After the RAP process, students "apply what they’ve learned" to allegedly "real-world decisions." As part of these "real world group assignments," groups are never asked to write "more than one-half page" on the grounds that "lengthy documents will not promote discussion." According to TBL sponsors, limiting how much students are expected to write to a couple of paragraphs somehow fosters "digging into the content."
And another sound-bite generation is born.
I don't object to classroom groups. They worked for Mrs. Evans. But it's time we stopped trying to bottle learning and sell it with a slogan. It's time we stopped experimenting with children. It's time we stopped reinventing folly. As silly as it would be to reinvent the wheel, at least the wheel worked the first time.
© 2010, Peter Berger.
Peter Berger teaches English in Weathersfield, Vermont. Poor Elijah would be pleased to answer messages addressed to him in care of the editor.
The Irascible Professor comments: This is one of the rare instances where the IP has some substantial disagreements with Poor Elijah (Peter Berger). The IP does agree with Poor Elijah that it's silly to assume that the use of one technique, such as working in groups, cooperative learning, team-based learning, or whatever you want to call it is going to be a magic bullet that will solve all instructional problems. But, the IP does believe that there is a role for group learning activities in both K-12 and college-level classes.
The IP's first experience with group learning was as a student in grammar school. That was several years before Poor Elijah encountered Mrs. Evans. The IP vividly remembers a social studies assignment where his eighth grade class was divided into groups to develop presentations on commerce and industry in Canada. Each group was expected to prepare a poster presentation for the class with only general guidance from our teacher. After some discussion, we divided the assignment into tasks. Each member of the group was assigned responsibility for doing the "groundwork" on his individual task. There was enough peer-pressure generated to ensure that each person in the group made a decent stab at completing his task. While there was some unevenness in the initial products, the entire group worked together to smooth out the final presentation.
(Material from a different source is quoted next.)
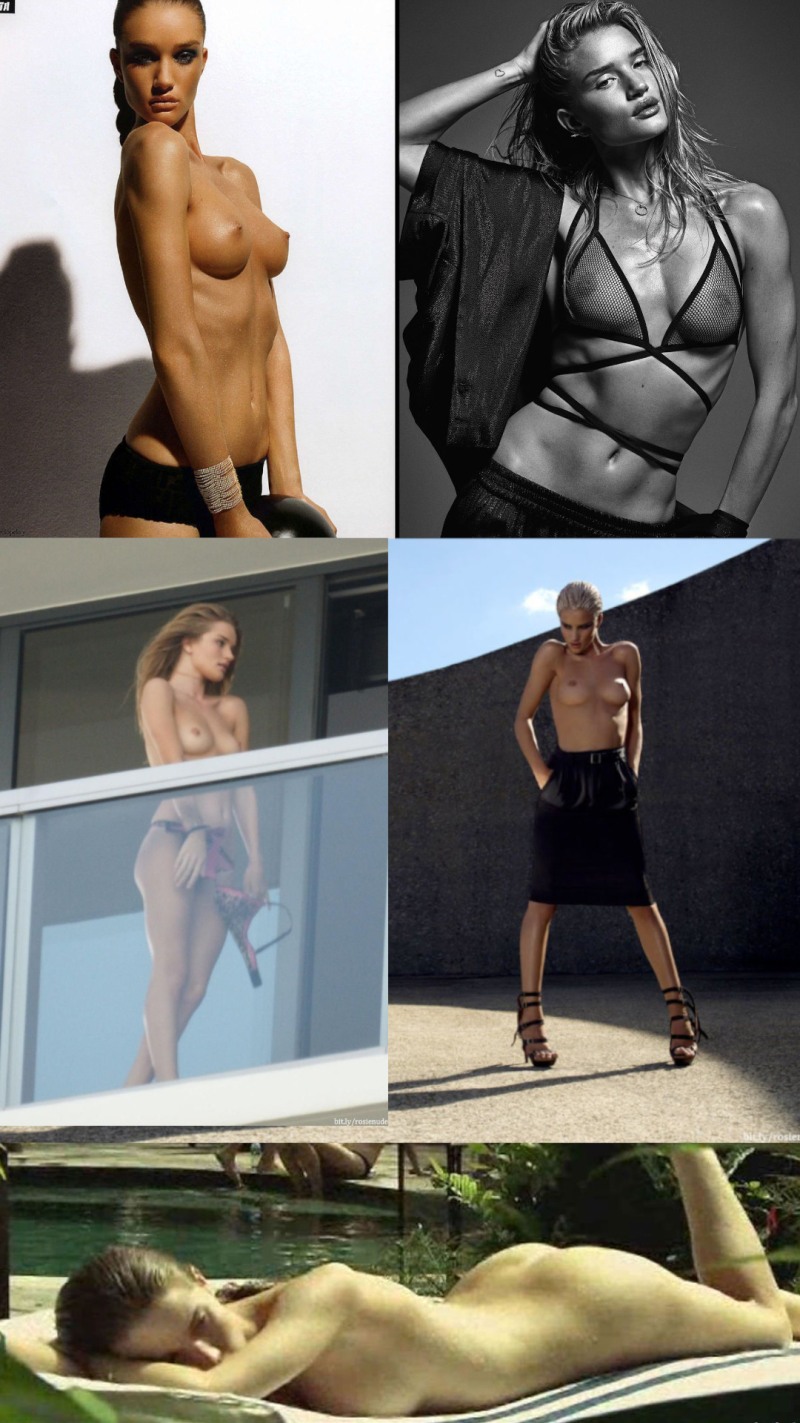 Rosie Huntington-Whiteley SEX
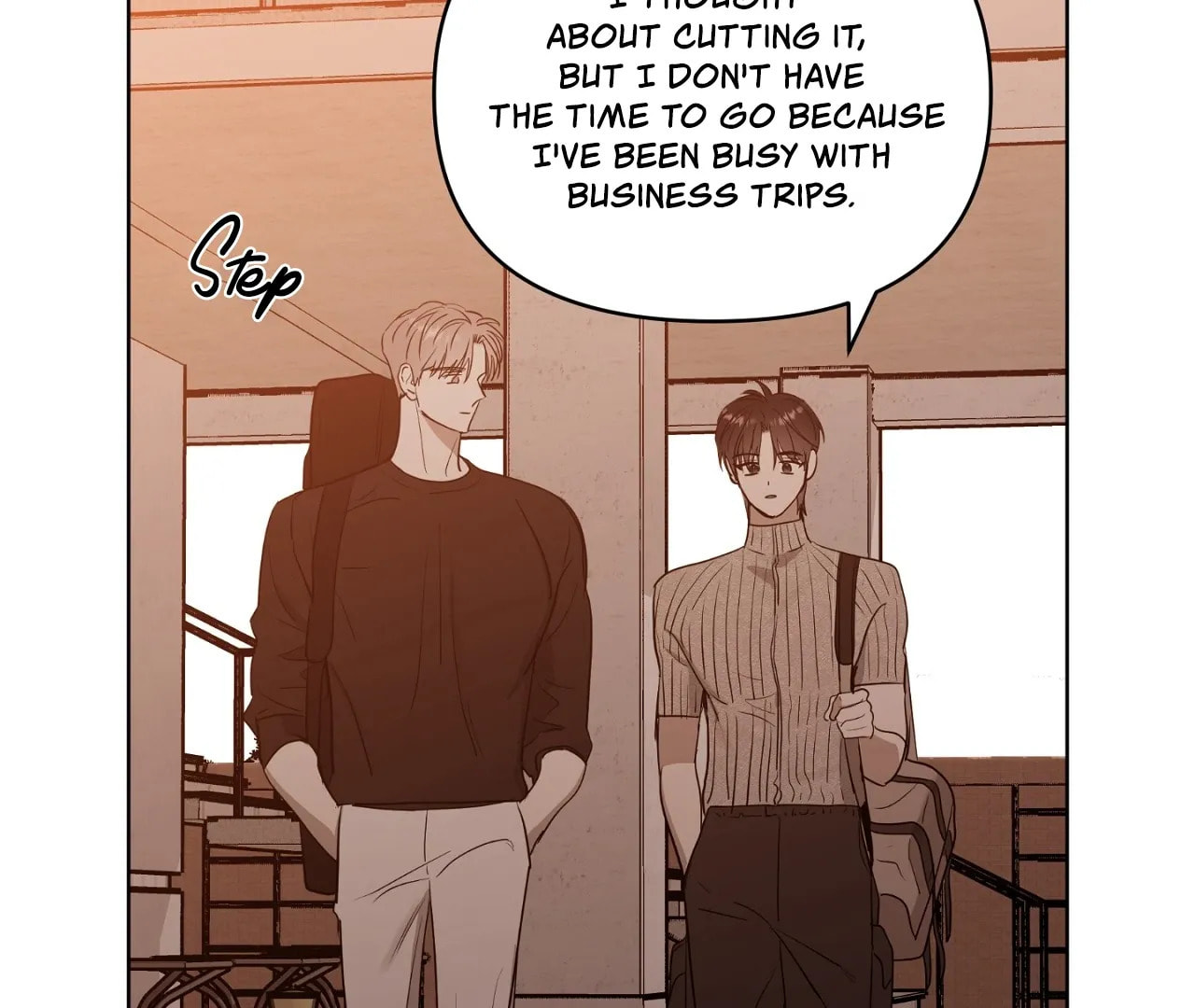 Read Sparkling Baby chapter 26 image 79 on Lezhin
The IP encountered group learning again in college where he would seek the advice of fellow physics students on homework problems. He was fortunate that there were a number of physics graduate students living in his Oxford Hall co-op dorm; and, he often would "pick their brains" during the lengthy billiards games that provided us with low-cost recreation in those days. He found that many of these grad students did a better job of explaining difficult to understand concepts than his professors did. Likewise in graduate school at Penn most of us would not have passed the difficult Ph.D. qualifying exams had it not been for our intense study groups.
Later when teaching at the college level, the IP used group learning techniques fairly effectively to help students focus on isolated, abstract concepts. In those two- or three-person groups each student had to choose one of several multiple-choice answers to a specific exercise, then he or she had to convince the other people in the group that his or her answer was the correct one. He also taught a case-study based general education course on "energy and the environment" where essentially all the student work was done in groups. In that course he used the peer-evaluation techniques developed by Prof. Clyde Herreid at the SUNY Buffalo to ensure that "slackers" could not get a free ride. The IP's conclusion from all of this is that collaborative learning is a valuable educational tool, if properly used.